# TiVo third party ip control



## Chris-AV-Dealer (Nov 19, 2014)

Is anyone out there controlling tivo roamio or tivo mini ip via port 1413. I am able to control my boxes with port 31339 but not able to on 1413. I was told that port 1413 is supposed to be used on roamio and mini to get ip control to work correctly. However, my boxes don't respond to commands when using port 1413. When using port 31339 commands are blocked by the TiVo mini when the delete recording screen pops up at the end of a recorded show. Once the screen times out, control resumes

Any help would be greatly appreciated!


----------



## moyekj (Jan 24, 2006)

Port 1413 is using MindRPC which is using JSON syntax with SSL security (which requires PKCS12 certificate + password to use) - not telnet like port 31339. An example of remote using RPC is kmttg remote.


----------



## pppingme (Apr 21, 2012)

Are either of these documented anywhere?


----------



## tomhorsley (Jul 22, 2010)

pppingme said:


> Are either of these documented anywhere?


The same place everything like this is documented: In the source code .


----------



## Chris-AV-Dealer (Nov 19, 2014)

Can this protocol be used to send remote commands like the telnet protocol or is it more for just stuff like the tivo app?


----------



## moyekj (Jan 24, 2006)

Yes, as I said, the kmttg virtual remote is using MindRPC for series 4 and higher TiVos (and telnet for series 3).
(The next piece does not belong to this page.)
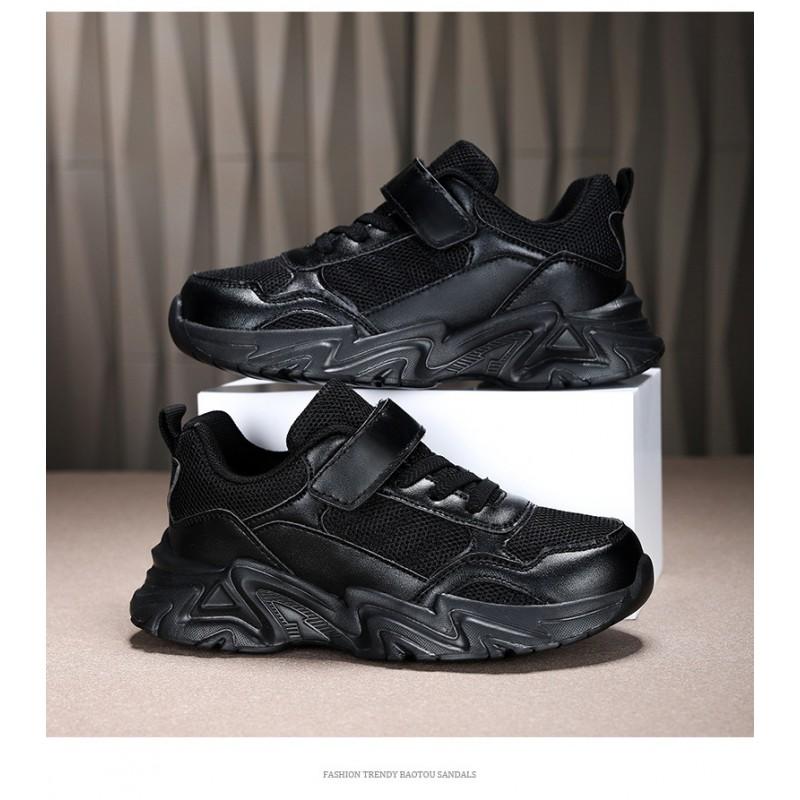 Kids Breathable Mesh Sneakers Boys Girls Lightweight Anti-Slip Casual Dad Shoes Size 28-39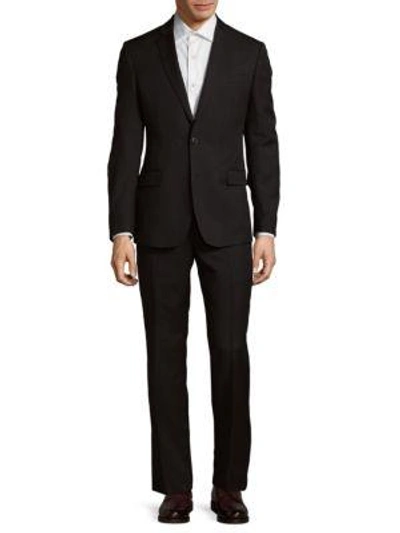 Shop Brunello Cucinelli Men's Two-button Wool Suit In Black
The telnet protocol is a lot simpler and doesn't require SSL authentication, so much easier to deal with.


----------



## Chris-AV-Dealer (Nov 19, 2014)

Is there an api document somewhere on the Internet that I could send to the developer of the ip control to use to create a new driver using the mindrpc protocol instead of telnet.


----------



## moyekj (Jan 24, 2006)

http://developer.tivo.com/docs


----------



## Chris-AV-Dealer (Nov 19, 2014)

Thanks guys. I submitted this to the third party control company. Guess I'll wait and see what they say.


----------